*Problem statement:* Restate word for word the lines of the entries below, starting with the line that holds "13th Birthday Gift" and ending with the line that holds "Leggi di Mendel - scuolebarlassina.gov.it", and no others.

*Short text fragments from websites:*
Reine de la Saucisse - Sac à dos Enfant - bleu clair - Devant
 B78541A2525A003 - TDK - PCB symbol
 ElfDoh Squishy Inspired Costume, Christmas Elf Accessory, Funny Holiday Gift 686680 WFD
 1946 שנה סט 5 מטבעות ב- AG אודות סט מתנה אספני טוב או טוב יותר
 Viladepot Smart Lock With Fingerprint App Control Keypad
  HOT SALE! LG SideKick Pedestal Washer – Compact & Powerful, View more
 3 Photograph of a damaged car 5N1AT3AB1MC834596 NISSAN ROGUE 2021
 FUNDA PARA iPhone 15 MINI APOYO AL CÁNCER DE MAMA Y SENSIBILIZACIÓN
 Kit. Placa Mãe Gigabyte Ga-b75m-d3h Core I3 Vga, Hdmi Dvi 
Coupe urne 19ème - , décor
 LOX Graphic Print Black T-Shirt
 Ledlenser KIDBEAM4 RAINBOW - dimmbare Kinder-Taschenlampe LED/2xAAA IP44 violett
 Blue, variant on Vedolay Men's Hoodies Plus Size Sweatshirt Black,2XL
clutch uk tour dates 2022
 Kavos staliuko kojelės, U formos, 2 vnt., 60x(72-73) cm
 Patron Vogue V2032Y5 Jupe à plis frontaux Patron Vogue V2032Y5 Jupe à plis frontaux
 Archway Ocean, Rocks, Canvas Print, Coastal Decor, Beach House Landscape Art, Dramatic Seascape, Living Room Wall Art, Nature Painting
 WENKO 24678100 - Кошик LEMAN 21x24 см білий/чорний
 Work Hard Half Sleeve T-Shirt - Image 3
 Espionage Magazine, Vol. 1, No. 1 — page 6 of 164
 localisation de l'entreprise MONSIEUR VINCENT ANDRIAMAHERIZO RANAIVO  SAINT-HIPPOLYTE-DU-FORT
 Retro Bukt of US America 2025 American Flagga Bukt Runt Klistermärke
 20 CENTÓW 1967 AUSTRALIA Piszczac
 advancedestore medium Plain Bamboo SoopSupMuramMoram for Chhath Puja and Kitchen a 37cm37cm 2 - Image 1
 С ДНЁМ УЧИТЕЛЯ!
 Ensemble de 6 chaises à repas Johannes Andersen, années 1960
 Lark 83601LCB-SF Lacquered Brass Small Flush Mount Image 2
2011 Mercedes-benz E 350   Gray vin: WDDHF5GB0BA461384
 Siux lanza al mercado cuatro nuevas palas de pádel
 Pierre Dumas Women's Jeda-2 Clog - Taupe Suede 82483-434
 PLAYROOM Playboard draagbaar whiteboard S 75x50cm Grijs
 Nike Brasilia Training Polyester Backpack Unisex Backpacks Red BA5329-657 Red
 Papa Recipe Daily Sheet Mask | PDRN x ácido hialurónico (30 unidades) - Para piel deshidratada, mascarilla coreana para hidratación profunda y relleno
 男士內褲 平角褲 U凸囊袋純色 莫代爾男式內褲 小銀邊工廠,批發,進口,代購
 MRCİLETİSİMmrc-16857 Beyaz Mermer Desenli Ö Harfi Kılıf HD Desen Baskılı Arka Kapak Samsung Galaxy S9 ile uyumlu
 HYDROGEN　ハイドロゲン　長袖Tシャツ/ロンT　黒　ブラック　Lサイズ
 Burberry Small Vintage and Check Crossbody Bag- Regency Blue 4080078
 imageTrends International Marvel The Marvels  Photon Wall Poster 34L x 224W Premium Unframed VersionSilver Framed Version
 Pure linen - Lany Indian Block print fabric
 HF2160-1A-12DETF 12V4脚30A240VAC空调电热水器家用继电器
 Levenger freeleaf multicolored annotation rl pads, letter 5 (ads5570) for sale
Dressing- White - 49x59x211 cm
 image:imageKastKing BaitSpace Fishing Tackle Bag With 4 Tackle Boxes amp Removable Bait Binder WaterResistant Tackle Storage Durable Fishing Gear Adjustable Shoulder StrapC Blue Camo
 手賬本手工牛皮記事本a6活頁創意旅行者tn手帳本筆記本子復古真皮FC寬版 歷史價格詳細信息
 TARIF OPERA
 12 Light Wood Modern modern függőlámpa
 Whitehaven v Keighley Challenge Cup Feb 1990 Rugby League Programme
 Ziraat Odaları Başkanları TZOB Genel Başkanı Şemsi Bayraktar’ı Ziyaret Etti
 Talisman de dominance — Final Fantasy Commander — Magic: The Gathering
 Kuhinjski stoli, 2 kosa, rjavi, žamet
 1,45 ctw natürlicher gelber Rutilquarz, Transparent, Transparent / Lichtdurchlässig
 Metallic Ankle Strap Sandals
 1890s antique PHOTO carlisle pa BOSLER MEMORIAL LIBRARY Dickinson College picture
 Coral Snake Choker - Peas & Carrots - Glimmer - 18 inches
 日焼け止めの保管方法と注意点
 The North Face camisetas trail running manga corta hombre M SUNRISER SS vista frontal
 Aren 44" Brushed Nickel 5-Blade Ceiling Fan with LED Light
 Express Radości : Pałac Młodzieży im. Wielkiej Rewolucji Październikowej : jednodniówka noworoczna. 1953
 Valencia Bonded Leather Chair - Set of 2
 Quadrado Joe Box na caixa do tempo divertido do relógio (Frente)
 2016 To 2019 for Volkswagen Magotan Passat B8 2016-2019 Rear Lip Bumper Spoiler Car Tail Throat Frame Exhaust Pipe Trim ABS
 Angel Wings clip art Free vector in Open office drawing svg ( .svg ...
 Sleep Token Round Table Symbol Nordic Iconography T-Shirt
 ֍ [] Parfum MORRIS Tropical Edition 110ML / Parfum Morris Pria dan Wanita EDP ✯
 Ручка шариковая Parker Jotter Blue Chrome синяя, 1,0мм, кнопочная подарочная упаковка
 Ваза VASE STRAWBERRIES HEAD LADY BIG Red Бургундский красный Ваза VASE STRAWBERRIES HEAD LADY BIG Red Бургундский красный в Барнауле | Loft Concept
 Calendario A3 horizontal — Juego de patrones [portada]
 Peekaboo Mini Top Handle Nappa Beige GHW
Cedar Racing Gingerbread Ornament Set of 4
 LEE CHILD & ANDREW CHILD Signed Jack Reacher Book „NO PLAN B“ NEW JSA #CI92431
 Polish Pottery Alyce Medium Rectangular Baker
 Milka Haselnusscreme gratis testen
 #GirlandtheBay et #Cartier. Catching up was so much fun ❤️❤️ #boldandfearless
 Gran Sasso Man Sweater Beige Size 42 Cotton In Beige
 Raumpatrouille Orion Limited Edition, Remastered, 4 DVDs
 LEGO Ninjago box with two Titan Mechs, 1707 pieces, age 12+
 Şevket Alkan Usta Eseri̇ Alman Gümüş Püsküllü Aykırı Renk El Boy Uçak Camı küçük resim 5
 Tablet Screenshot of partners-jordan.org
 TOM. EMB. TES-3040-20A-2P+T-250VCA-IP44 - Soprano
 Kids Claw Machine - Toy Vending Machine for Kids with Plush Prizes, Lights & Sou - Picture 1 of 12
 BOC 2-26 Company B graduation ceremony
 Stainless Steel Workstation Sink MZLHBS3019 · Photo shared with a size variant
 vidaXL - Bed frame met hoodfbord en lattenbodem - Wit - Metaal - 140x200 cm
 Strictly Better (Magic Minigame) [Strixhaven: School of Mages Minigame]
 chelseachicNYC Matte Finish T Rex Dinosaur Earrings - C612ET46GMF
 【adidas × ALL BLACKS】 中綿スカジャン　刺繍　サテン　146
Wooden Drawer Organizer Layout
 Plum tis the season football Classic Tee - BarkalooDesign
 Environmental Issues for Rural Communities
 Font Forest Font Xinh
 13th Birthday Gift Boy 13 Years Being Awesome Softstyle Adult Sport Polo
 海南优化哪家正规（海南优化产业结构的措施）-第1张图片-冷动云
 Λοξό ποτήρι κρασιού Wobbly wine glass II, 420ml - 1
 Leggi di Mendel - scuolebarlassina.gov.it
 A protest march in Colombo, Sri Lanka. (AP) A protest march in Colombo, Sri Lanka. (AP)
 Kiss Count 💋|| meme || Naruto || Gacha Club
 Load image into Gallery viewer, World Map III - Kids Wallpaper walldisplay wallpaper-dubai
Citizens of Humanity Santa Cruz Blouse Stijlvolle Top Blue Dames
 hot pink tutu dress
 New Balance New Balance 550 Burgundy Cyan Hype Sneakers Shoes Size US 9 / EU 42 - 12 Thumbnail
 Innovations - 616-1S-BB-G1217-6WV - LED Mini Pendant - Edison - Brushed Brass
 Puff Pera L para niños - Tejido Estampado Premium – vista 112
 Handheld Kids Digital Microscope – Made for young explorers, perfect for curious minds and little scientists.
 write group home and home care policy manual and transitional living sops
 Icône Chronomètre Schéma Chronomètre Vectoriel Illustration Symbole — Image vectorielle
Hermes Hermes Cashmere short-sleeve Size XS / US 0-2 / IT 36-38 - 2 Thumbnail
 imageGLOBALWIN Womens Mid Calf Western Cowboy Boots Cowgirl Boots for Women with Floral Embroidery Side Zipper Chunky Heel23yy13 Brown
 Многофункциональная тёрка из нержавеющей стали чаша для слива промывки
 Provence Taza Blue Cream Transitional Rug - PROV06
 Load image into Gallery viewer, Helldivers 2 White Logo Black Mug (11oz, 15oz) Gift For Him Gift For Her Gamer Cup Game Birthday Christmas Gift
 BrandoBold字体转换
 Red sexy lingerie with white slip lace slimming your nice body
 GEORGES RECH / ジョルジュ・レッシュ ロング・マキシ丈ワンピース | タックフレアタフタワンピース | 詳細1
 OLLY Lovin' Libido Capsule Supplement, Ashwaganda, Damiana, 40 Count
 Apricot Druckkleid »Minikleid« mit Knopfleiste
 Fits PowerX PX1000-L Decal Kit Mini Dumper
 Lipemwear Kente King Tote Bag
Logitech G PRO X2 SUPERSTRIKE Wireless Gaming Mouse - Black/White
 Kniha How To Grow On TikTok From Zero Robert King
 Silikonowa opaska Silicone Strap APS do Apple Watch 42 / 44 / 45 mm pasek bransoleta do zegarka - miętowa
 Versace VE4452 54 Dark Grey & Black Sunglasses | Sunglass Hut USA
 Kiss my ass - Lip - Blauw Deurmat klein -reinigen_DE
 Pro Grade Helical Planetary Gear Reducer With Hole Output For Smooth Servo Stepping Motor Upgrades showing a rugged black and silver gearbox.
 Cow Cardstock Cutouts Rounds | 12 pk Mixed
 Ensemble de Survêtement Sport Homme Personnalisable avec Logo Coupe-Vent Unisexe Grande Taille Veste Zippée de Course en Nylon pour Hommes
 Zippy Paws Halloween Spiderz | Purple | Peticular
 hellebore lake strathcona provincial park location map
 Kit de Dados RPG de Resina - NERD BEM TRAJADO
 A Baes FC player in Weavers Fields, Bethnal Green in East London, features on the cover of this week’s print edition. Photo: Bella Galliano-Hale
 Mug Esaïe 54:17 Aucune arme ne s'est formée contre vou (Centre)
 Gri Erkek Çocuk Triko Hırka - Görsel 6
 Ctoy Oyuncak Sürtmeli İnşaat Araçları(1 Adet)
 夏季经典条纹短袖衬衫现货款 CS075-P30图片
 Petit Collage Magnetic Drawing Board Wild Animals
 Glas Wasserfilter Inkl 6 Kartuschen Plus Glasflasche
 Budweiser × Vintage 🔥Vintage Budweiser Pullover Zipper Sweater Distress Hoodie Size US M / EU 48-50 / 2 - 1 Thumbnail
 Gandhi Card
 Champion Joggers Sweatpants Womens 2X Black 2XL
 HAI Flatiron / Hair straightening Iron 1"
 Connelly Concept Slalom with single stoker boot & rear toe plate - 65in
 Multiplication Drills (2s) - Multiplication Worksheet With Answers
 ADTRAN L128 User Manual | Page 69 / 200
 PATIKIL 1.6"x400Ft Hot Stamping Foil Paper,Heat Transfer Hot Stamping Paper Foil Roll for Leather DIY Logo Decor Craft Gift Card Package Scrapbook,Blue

*Response below:*
 13th Birthday Gift Boy 13 Years Being Awesome Softstyle Adult Sport Polo
 海南优化哪家正规（海南优化产业结构的措施）-第1张图片-冷动云
 Λοξό ποτήρι κρασιού Wobbly wine glass II, 420ml - 1
 Leggi di Mendel - scuolebarlassina.gov.it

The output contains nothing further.